The song actually has very few words, but it offers a skilfully realised analysis of working class culture taking in learning and self-improvement (‘libraries gave us power’), oppression (‘then work came and made us free’),  consumerism (‘we are not allowed to spend’), hedonism (‘we only want to get drunk’) and fatalism (‘we are told that this is the end’). Most importantly the song makes the argument that this situation is not just natural but rather that it is a ‘design for life’.

I think that this could be very useful as a framework for a careers lesson. It raises some important issues. Students could develop their own design for life – showing how they plan to balance work, learning, money and hedonistic fun. You could talk about how far each of these enabled or disables the others and how far they can be combined or held in tension.

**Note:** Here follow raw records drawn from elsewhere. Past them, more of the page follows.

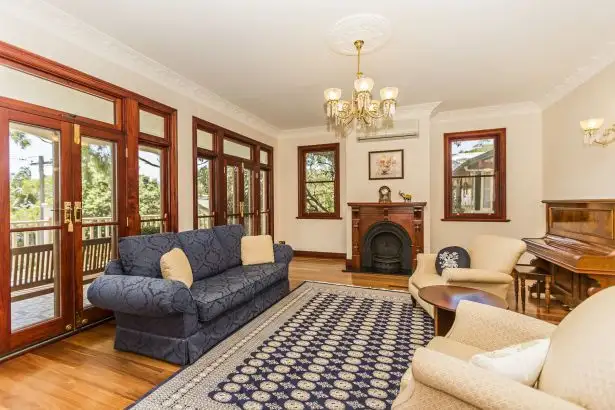 Second view of Homely house listing, 116 Curry Street, Merewether NSW 2291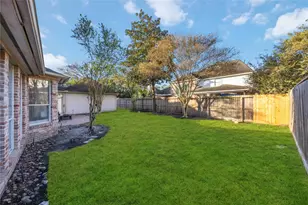 16011 Gore Grass Ct Ct, Spring, TX 77379 - Photo 39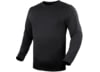 Image of Men's Baselayers category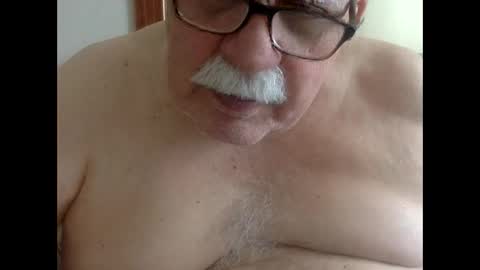 drnick069 online show from December 2, 3:37 pm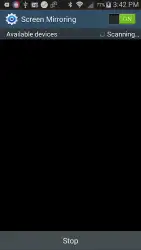 Miracast
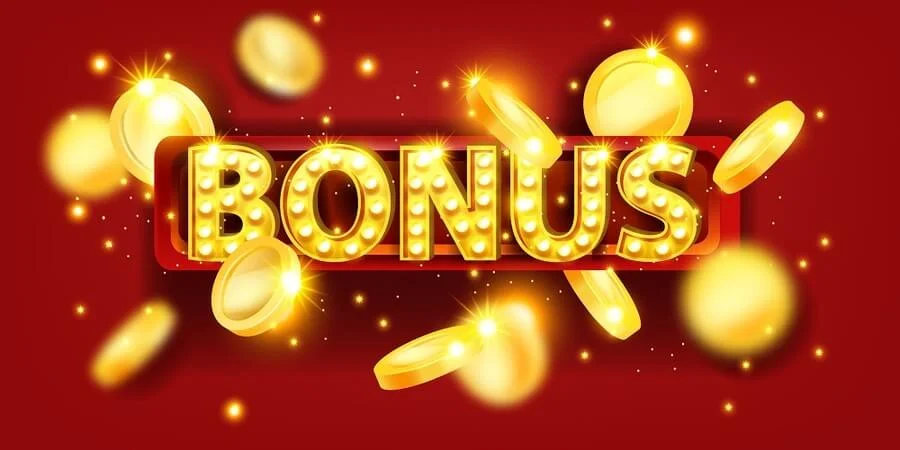 Goldenbet Casino Bonus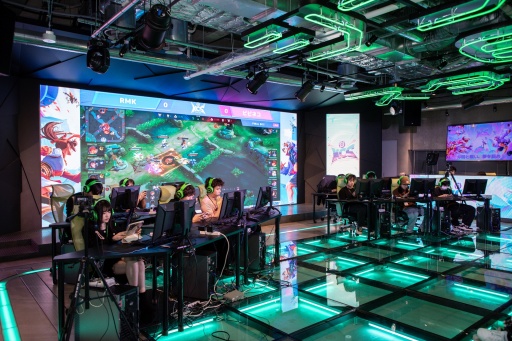 ꡼ No.011Υͥ / 26000ͤͷǤMOBAHonor of Kingsץǥθ˻äƤޤޤǤȤ臘ϡޤeݡ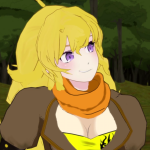 Yang Xiao Long New Profile Image.png
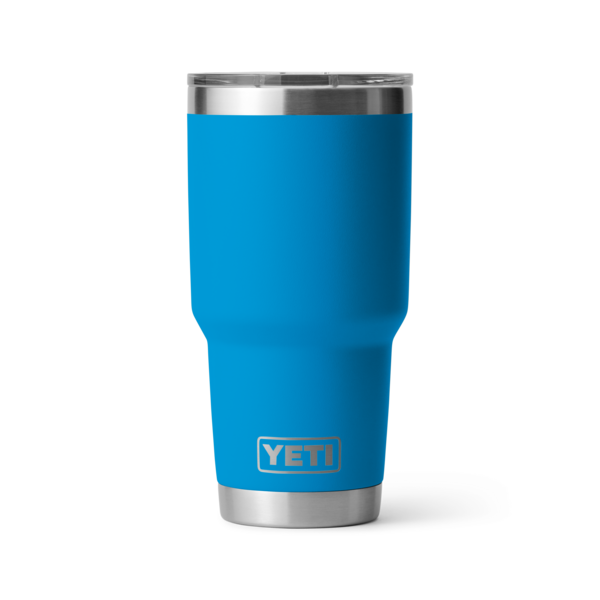 YETI Rambler 30 oz Tumbler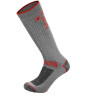 Носки NORFIN T4M ARCTIC MERINO HEAVY LONG р.(39-41) M 304745-02M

After this activity, it is worth returning to the idea of ‘designing’. Asking the question who is doing the designing in this case. Are the patterns of people’s ordinary lives that are shown in the song their own ‘life designs’ in the way a career theorists like Mark Savickas might advocate.  Or is the designing actually being done by someone or something else? Why is it that we spend more time working than we do playing for example – surely that wouldn’t be anyone’s design by choice.

All of this opens up some further issues about how capitalism structures our working lives. This brief history of the weekend provides some useful food for thought in thinking about why we have weekends and how this came about through campaigns from trade unions. Recent campaigns for a shorter working week pick up the same theme and make the point that the organisation of work and life is indeed designed.

Another key area of discussion would be to look at issues of flexible working and help students to understand the possibilities (flexi-time, career breaks, part-time working) that exist as well as their rights to access this under certain circumstances e.g. maternity and paternity leave. This also opens up questions about how different types and levels of work open up more or less flexibility.

Finally it is important to talk about power and exploitation. How some workers have relatively more power to negotiate their ‘design for life’ whilst others have to take what they are given. This in turn opens up issues about the dividing line between precarious work in the gig economy and the much vaunted portfolio careers that are supposed to allow individuals to actually design their lives in the way that they want.

Taken together all of these things could make for a rich conversation. At the end it is important to help students to think about what they are going to do. One way to do this is to encourage them to think about this at different levels, for example:

  • What actions are you going to take individually to help you to design your life?
  • Who are you going to talk to and ask to find out more about how they have designed their life?
  • Who are you going to work with to give you more options and opportunities?
  • What actions are you going to take collectively as a citizen to change the way in which everyone’s life is designed.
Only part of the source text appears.